PLAnonimizer / README.md
OskarBartoszyk's picture
Upload 9 files
e6a30a3 verified
metadata
language: pl
license: apache-2.0
tags:
  - ner
  - anonymization
  - rodo
  - gdpr
  - polish
  - herbert
  - medical
  - privacy

HerBERT NER – RODO / GDPR Anonymization (PL)

Fine-tuned HerBERT model for Named Entity Recognition (NER) focused on automatic anonymization of RODO / GDPR-sensitive data in Polish-language texts, with emphasis on medical and administrative documents.

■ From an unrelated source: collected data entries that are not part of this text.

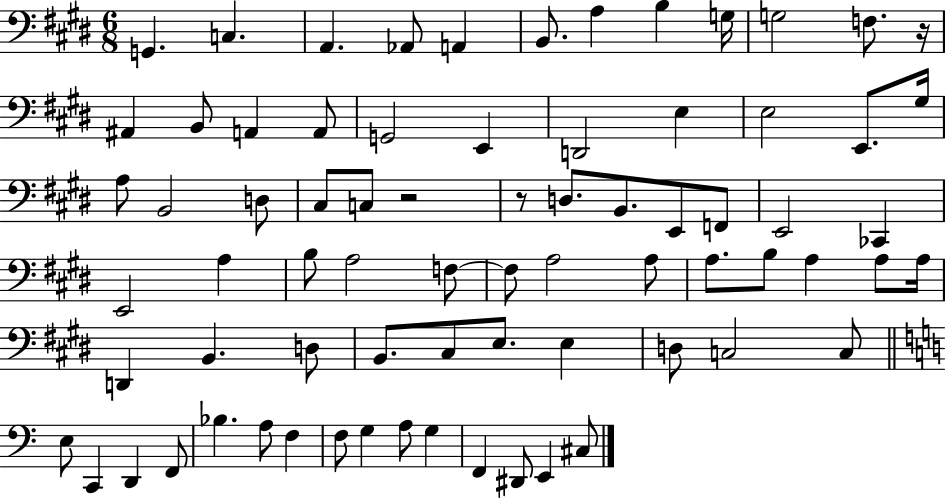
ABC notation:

X:1
T:Untitled
M:6/8
L:1/4
K:E
G,, C, A,, _A,,/2 A,, B,,/2 A, B, G,/4 G,2 F,/2 z/4 ^A,, B,,/2 A,, A,,/2 G,,2 E,, D,,2 E, E,2 E,,/2 ^G,/4 A,/2 B,,2 D,/2 ^C,/2 C,/2 z2 z/2 D,/2 B,,/2 E,,/2 F,,/2 E,,2 _C,, E,,2 A, B,/2 A,2 F,/2 F,/2 A,2 A,/2 A,/2 B,/2 A, A,/2 A,/4 D,, B,, D,/2 B,,/2 ^C,/2 E,/2 E, D,/2 C,2 C,/2 E,/2 C,, D,, F,,/2 _B, A,/2 F, F,/2 G, A,/2 G, F,, ^D,,/2 E,, ^C,/2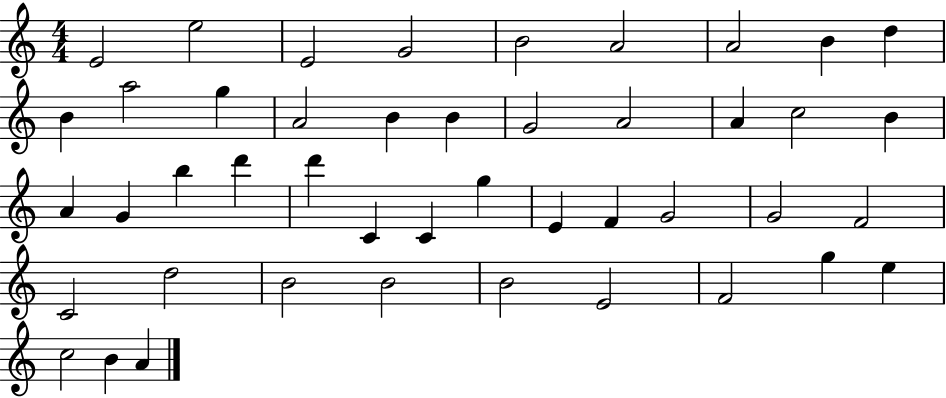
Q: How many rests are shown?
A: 0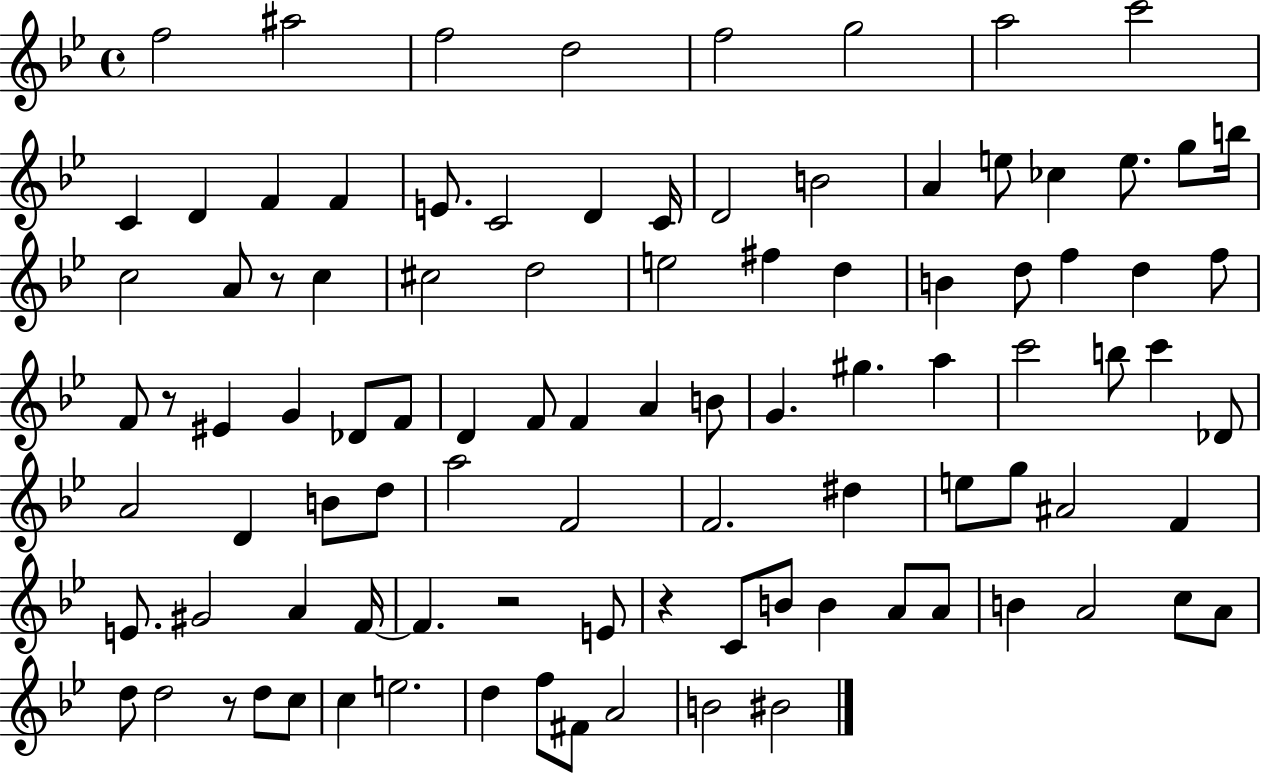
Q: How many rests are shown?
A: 5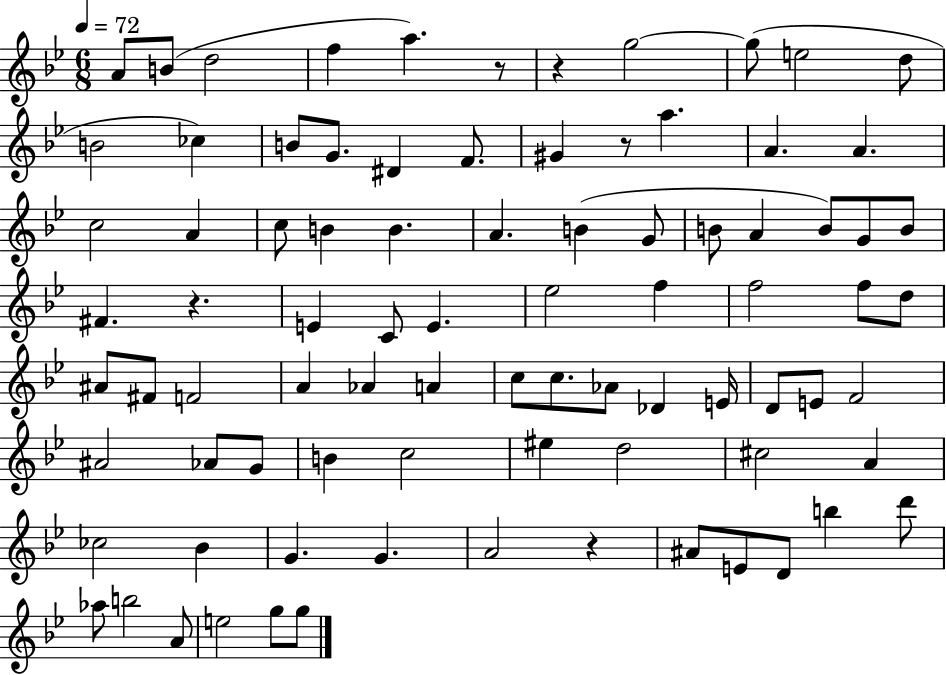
{
  \clef treble
  \numericTimeSignature
  \time 6/8
  \key bes \major
  \tempo 4 = 72
  \repeat volta 2 { a'8 b'8( d''2 | f''4 a''4.) r8 | r4 g''2~~ | g''8( e''2 d''8 | \break b'2 ces''4) | b'8 g'8. dis'4 f'8. | gis'4 r8 a''4. | a'4. a'4. | \break c''2 a'4 | c''8 b'4 b'4. | a'4. b'4( g'8 | b'8 a'4 b'8) g'8 b'8 | \break fis'4. r4. | e'4 c'8 e'4. | ees''2 f''4 | f''2 f''8 d''8 | \break ais'8 fis'8 f'2 | a'4 aes'4 a'4 | c''8 c''8. aes'8 des'4 e'16 | d'8 e'8 f'2 | \break ais'2 aes'8 g'8 | b'4 c''2 | eis''4 d''2 | cis''2 a'4 | \break ces''2 bes'4 | g'4. g'4. | a'2 r4 | ais'8 e'8 d'8 b''4 d'''8 | \break aes''8 b''2 a'8 | e''2 g''8 g''8 | } \bar "|."
}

The model is designed to detect personal data, sensitive attributes, identifiers, and contact information to support downstream anonymization pipelines.


✨ Use case

  • Anonymization of medical documentation
  • GDPR / RODO compliance
  • Text preprocessing before analytics or ML
  • Research on privacy-preserving NLP for Polish

🧠 Model details

  • Base model: HerBERT (Polish BERT)
  • Task: Token classification (NER)
  • Labeling scheme: BIO
  • Training: Supervised fine-tuning
  • Framework: 🤗 Transformers + PyTorch

🏷️ Supported entity classes

Personal identifiers

  • NAME – first names
  • SURNAME – last names
  • AGE – age
  • DATE_OF_BIRTH – date of birth
  • DATE – other dates identifying events
  • SEX – sex / gender (explicit)
  • RELIGION – religion
  • POLITICAL_VIEW – political views
  • ETHNICITY – ethnicity / nationality
  • SEXUAL_ORIENTATION – sexual orientation
  • HEALTH – health-related information
  • RELATIVE – family relations revealing identity

Contact & location

  • CITY – city (general context)
  • ADDRESS – full address
  • EMAIL – email addresses
  • PHONE – phone numbers

Identifiers

  • PESEL – Polish national ID number
  • DOCUMENT_NUMBER – ID / passport / license numbers

Professional & education

  • COMPANY – employer
  • SCHOOL_NAME – school name
  • JOB_TITLE – job position

Financial

  • BANK_ACCOUNT – bank account numbers
  • CREDIT_CARD_NUMBER – payment cards

Digital identifiers

  • USERNAME – usernames / logins
  • SECRET – passwords, API keys

📊 Evaluation

  • Validation F1-score: ~0.80
  • Precision-oriented configuration (privacy-first)
  • Evaluation performed on held-out validation set

Note: For anonymization tasks, recall is prioritized to minimize data leakage.